Stable Postnikov data of Picard 2-categories

TL;DR

This paper studies the stable homotopy groups of Picard 2-categories' K-theory spectra, describing their Postnikov data and showing limitations on strict skeletal models, using categorical suspension techniques.

Contribution

It provides a categorical description of the Postnikov data of K-theory spectra of Picard 2-categories and demonstrates the non-existence of strict skeletal models realizing certain spectra.

Findings

Postnikov data of K-theory spectra described categorically

No strict skeletal Picard 2-category models the 2-truncation of the sphere spectrum

Categorical suspension commutes with K-theory, preserving stable equivalences

Abstract

Picard 2-categories are symmetric monoidal 2-categories with invertible 0-, 1-, and 2-cells.
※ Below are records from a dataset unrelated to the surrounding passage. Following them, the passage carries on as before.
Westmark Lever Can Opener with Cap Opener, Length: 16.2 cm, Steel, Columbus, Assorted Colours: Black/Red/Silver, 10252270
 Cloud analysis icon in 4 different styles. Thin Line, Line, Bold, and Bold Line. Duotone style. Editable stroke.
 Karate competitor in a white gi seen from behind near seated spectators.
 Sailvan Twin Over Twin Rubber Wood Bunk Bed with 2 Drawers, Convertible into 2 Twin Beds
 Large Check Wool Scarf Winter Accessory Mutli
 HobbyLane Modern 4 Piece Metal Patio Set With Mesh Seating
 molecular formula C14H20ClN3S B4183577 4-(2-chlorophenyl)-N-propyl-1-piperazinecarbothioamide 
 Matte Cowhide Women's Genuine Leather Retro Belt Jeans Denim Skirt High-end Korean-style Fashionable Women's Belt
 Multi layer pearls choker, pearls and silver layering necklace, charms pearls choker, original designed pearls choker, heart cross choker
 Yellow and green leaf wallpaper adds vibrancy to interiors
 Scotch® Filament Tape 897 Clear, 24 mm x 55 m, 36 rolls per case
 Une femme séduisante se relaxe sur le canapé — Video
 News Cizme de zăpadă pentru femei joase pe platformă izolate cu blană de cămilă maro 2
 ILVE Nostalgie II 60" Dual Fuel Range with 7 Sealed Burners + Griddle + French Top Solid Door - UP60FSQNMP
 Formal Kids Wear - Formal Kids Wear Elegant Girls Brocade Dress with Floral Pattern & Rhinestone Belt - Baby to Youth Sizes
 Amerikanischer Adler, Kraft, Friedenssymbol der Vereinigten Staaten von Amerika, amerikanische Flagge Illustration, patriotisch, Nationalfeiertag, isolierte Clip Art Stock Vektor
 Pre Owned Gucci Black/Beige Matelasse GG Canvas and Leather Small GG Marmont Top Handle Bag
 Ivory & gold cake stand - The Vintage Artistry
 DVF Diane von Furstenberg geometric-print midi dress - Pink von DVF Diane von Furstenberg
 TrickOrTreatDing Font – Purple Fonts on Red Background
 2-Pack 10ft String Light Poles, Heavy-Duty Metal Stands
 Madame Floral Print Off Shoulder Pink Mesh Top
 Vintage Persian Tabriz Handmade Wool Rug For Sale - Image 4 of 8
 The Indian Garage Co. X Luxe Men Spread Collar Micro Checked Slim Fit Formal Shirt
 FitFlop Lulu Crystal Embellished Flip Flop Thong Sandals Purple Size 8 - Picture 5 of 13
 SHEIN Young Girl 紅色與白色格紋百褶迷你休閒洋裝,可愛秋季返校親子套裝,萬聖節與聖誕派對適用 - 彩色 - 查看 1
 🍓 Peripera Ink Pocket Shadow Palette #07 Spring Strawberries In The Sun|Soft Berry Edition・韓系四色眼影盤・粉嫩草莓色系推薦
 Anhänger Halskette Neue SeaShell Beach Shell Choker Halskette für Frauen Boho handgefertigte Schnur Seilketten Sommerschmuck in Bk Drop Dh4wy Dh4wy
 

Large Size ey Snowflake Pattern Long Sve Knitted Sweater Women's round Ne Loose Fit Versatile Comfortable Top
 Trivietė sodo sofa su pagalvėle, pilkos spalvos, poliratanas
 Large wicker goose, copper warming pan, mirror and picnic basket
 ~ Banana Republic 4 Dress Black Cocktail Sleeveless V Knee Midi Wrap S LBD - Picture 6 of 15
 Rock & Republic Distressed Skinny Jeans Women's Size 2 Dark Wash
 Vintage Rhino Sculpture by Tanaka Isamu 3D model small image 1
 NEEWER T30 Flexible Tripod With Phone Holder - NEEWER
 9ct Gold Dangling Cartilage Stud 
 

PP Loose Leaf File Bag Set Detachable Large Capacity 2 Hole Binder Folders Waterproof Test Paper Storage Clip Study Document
The classifying space of a Picard 2-category $\mathcal{D}$ is an infinite loop space, the zeroth space of the $K$-theory spectrum $K\mathcal{D}$. This spectrum has stable homotopy groups concentrated in levels 0, 1, and 2. In this paper, we describe part of the Postnikov data of $K\mathcal{D}$ in terms of categorical structure. We use this to show that there is no strict skeletal Picard 2-category whose $K$-theory realizes the 2-truncation of the sphere spectrum. As part of the proof, we construct a categorical suspension, producing a Picard 2-category $\Sigma C$ from a Picard 1-category $C$, and show that it commutes with $K$-theory in that $K\Sigma C$ is stably equivalent to $\Sigma K C$.